Backing up volumes from host vs from the inside of the container

The official docker documentation suggests as a good practice to backup the entire docker volume as it is.

When you need to back up, restore, or migrate data from one Docker host to another, volumes are a better choice. You can stop containers using the volume, then back up the volume’s directory (such as /var/lib/docker/volumes/).

At the same time the docs state that one should must not modify volumes under no circumstance. And restoring a volume manually into the /var/lib/docker/volumes/ violates that warning. So these two statements seem to be contradictory to me.

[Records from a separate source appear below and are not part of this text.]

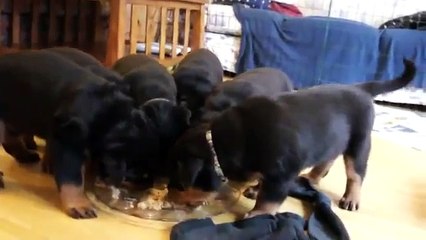Hungry Rottweiler puppies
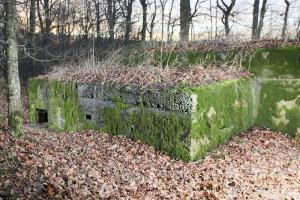 Ligne Maginot - CB226 - BOIS DE CATTENOM 02 - (Blockhaus pour arme infanterie) - La petite annexe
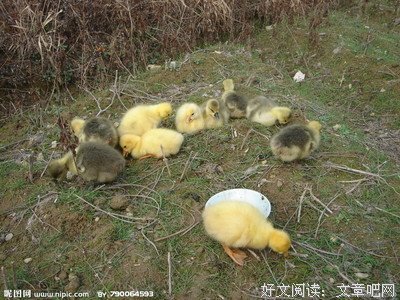 关于白鹅名言名句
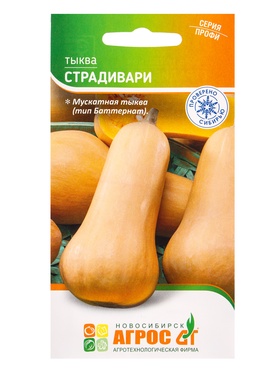 Семена Тыква "Страдивари" 5 шт (комплект 2 шт)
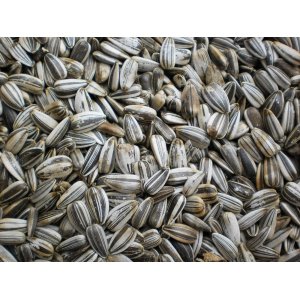 PROFIZOO Slunečnice žíhaná 15 kg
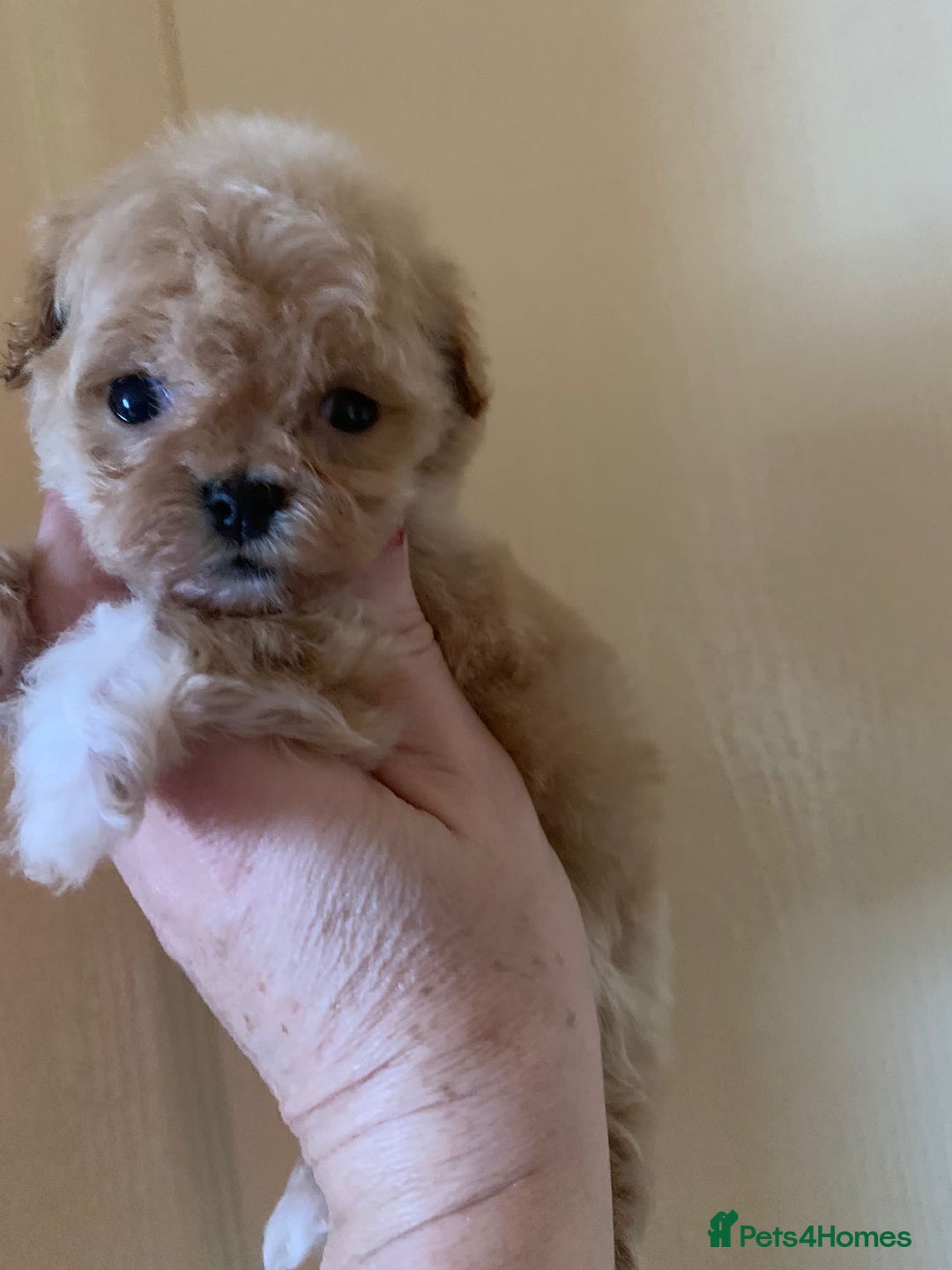 Maltipoo dogs for sale: Beautiful Korean Maltipoo Puppies–3 Girls &2 Boys  - Advert 18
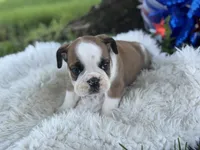 Webber, a male English Bulldog for sale in Lamar, MO – 5 of 7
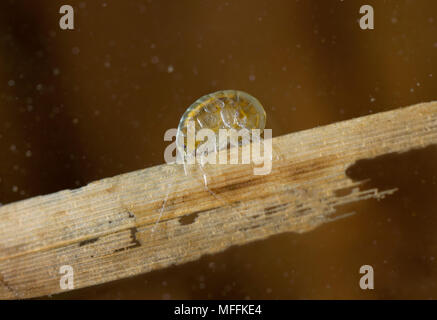 Süßwasser-Garnelen (Gammarus pulex) Sussex, UK Stockfoto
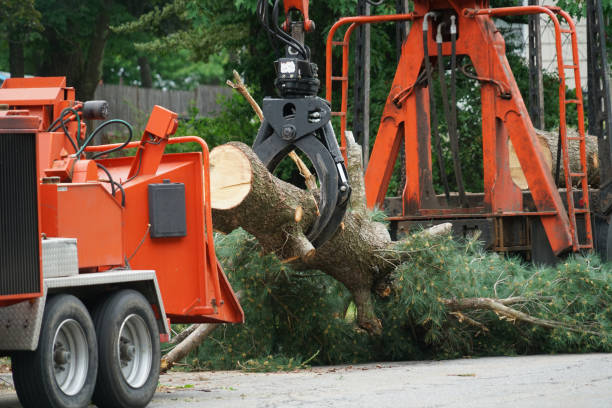 Best Lot and Land Clearing  in Stuart, FL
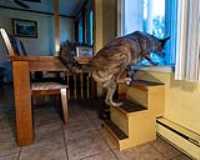 beryl_bay-window_staircase_climb
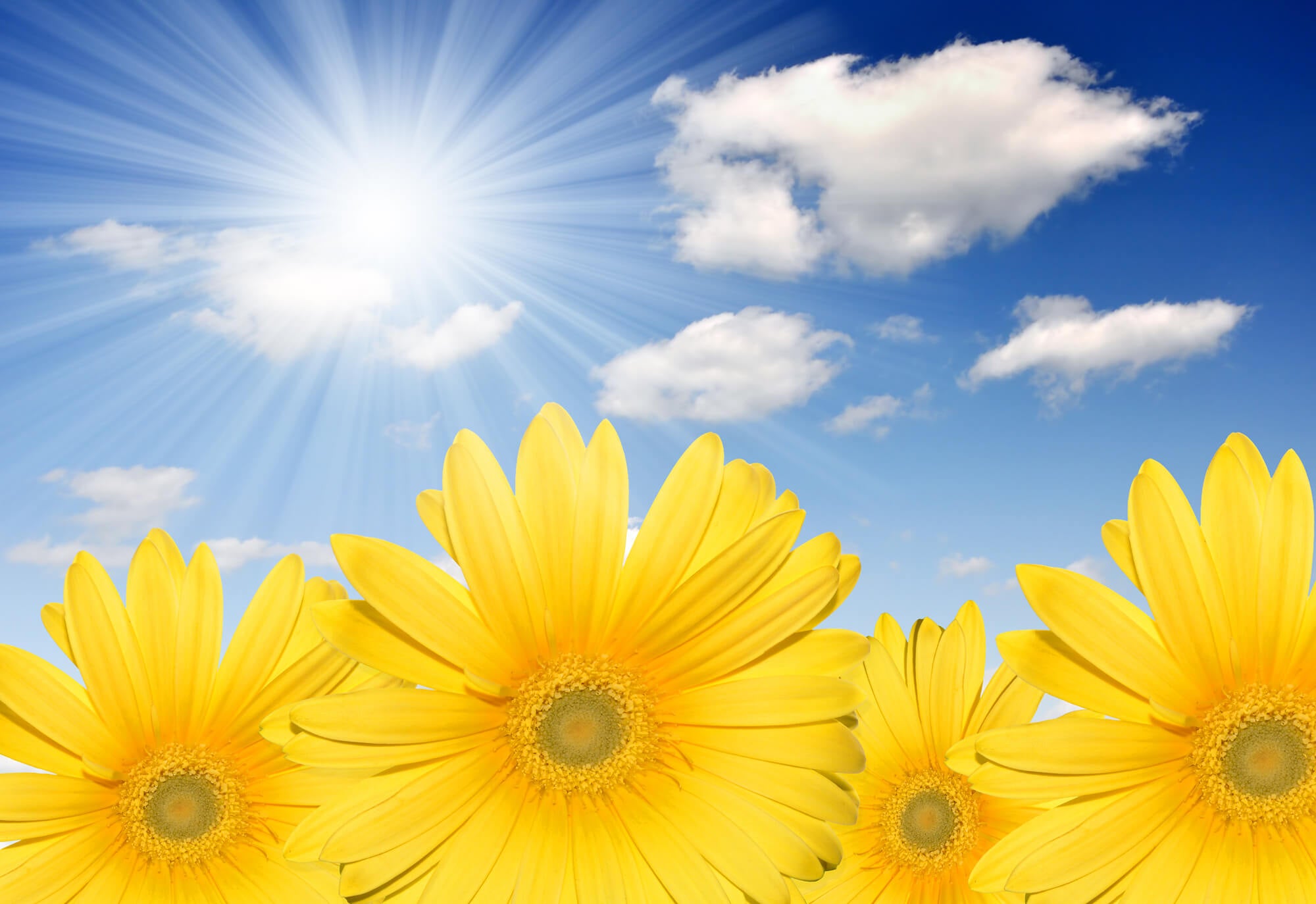 Sunshine Bloom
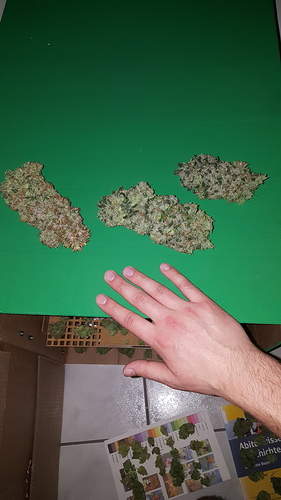 Growreport Bild 2
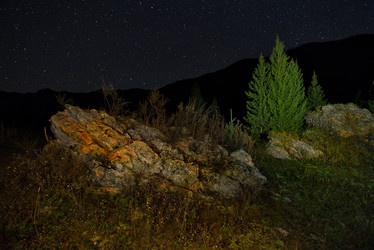 Similar image 21767010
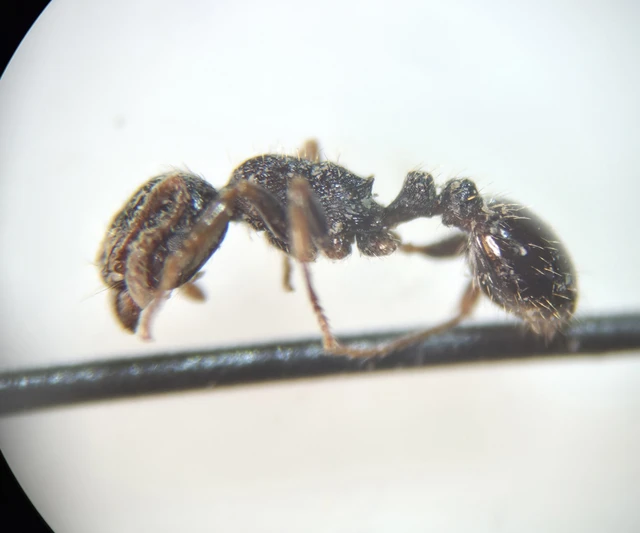 Tetramorium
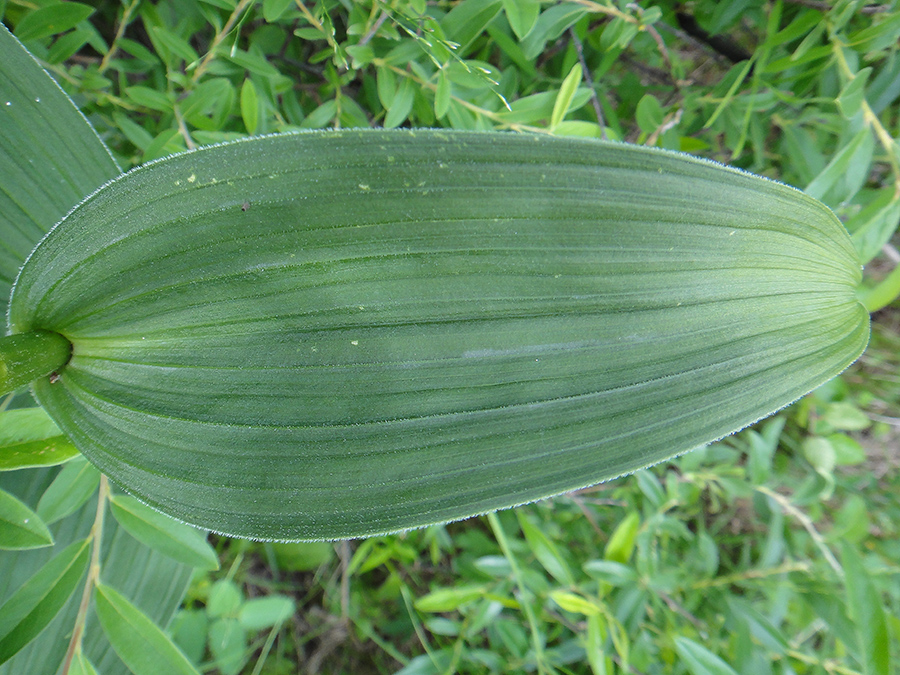 Image of genus Veratrum specimen.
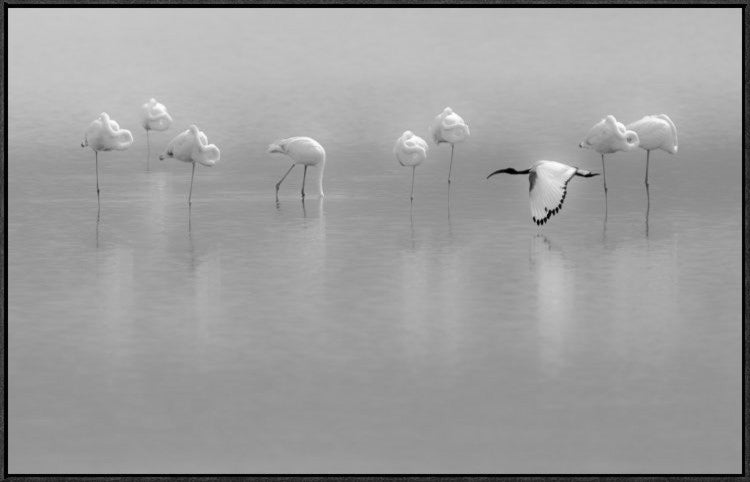 Shades Of Gray, 40"x25"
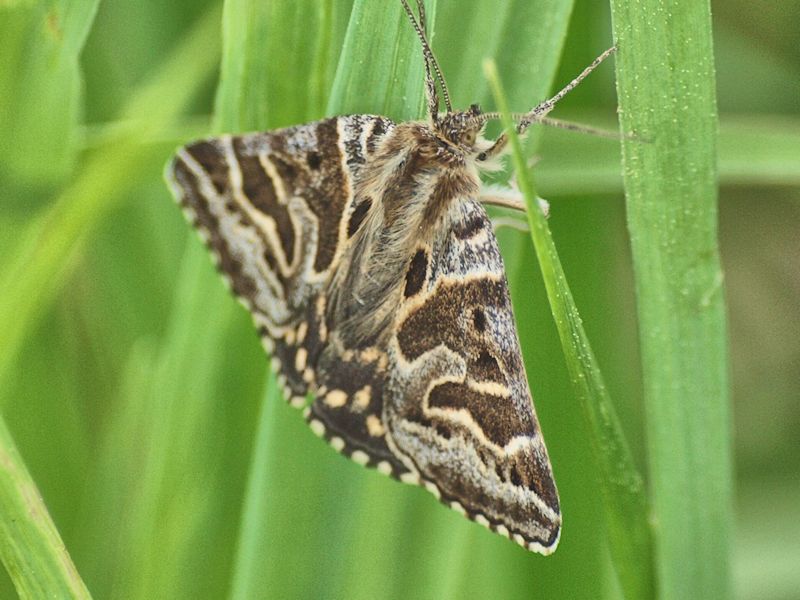 Vitbrokigt sltterfly - Callistege mi - Mother Shipton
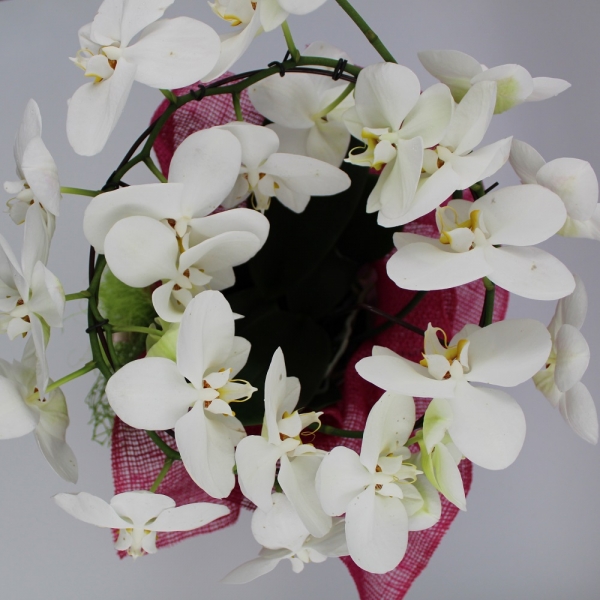 Orchidea Ramificata bianca dall'alto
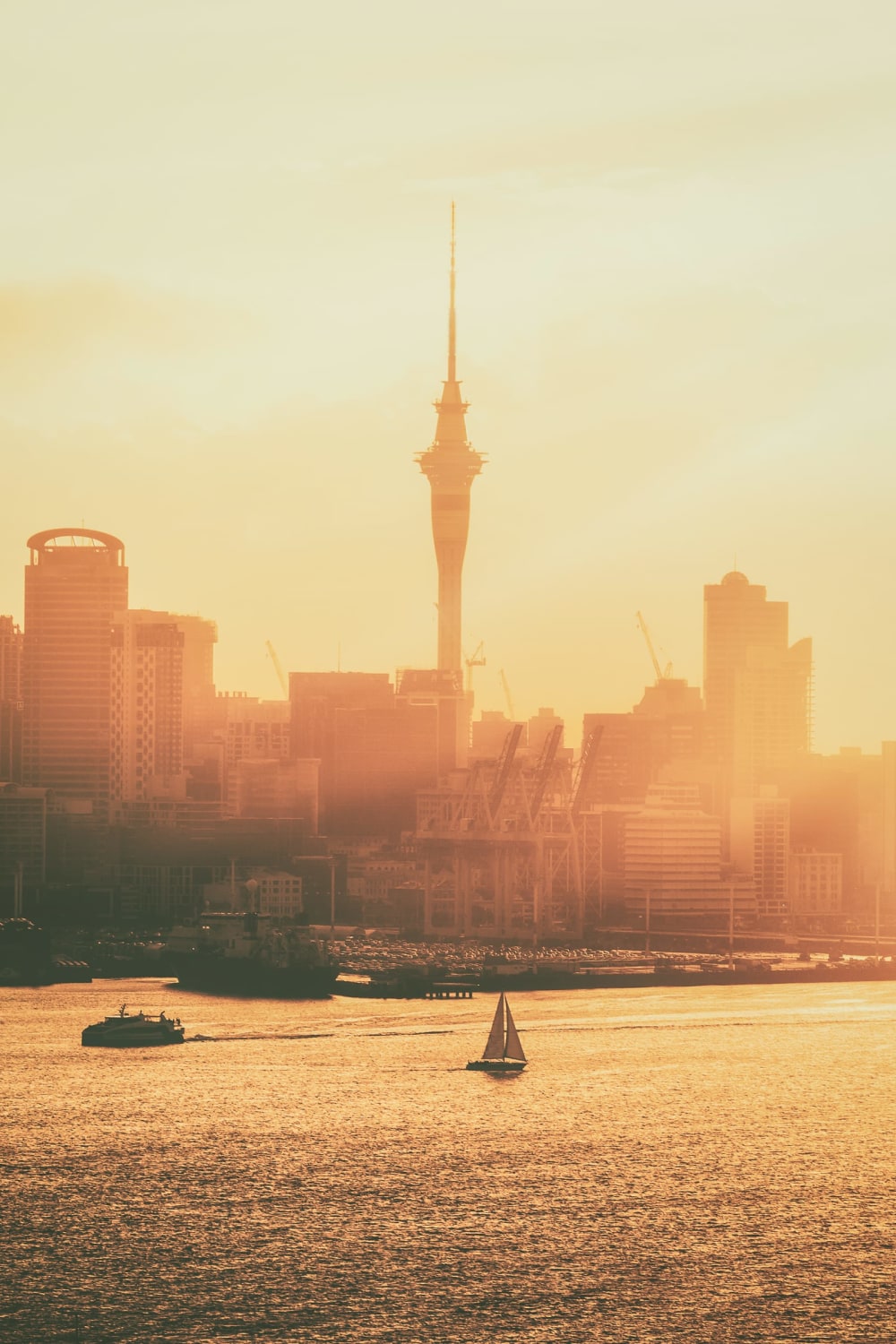 11 Of The Best Things To Do In Auckland, New Zealand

Volumes are stored in a part of the host filesystem which is managed by Docker (/var/lib/docker/volumes/ on Linux). Non-Docker processes should not modify this part of the filesystem.

Questions:

  • Is it really safe to backup and restore volumes in that fashion between different versions of docker runtime?
  • Do volumes have some inner structure that is dependent on the runtime version? Or are they just regular files?
  • Is it safer to mount the volume to some container and backup it's data from the inside of the container?

This is a complex question and as these things go, the answer is "it depends". The primary factors that relate to the question are the filesystem driver and the volume of activity within the docker daemon's scope. Assuming a "vanilla" situation with low volume writes, you should be relatively safe backing up /var/lib/docker directly; however, this is equivalent to backing up any running system that manages transient state (risks could be unfinished writes, for example).

Ultimately, processes running in a container context are still regular processes... so, it depends on the contained app, the frequency of disk writes, and the filesystem driver itself.

From an operational perspective, stopping the container or the main writer process within it would be prudent before backing it up.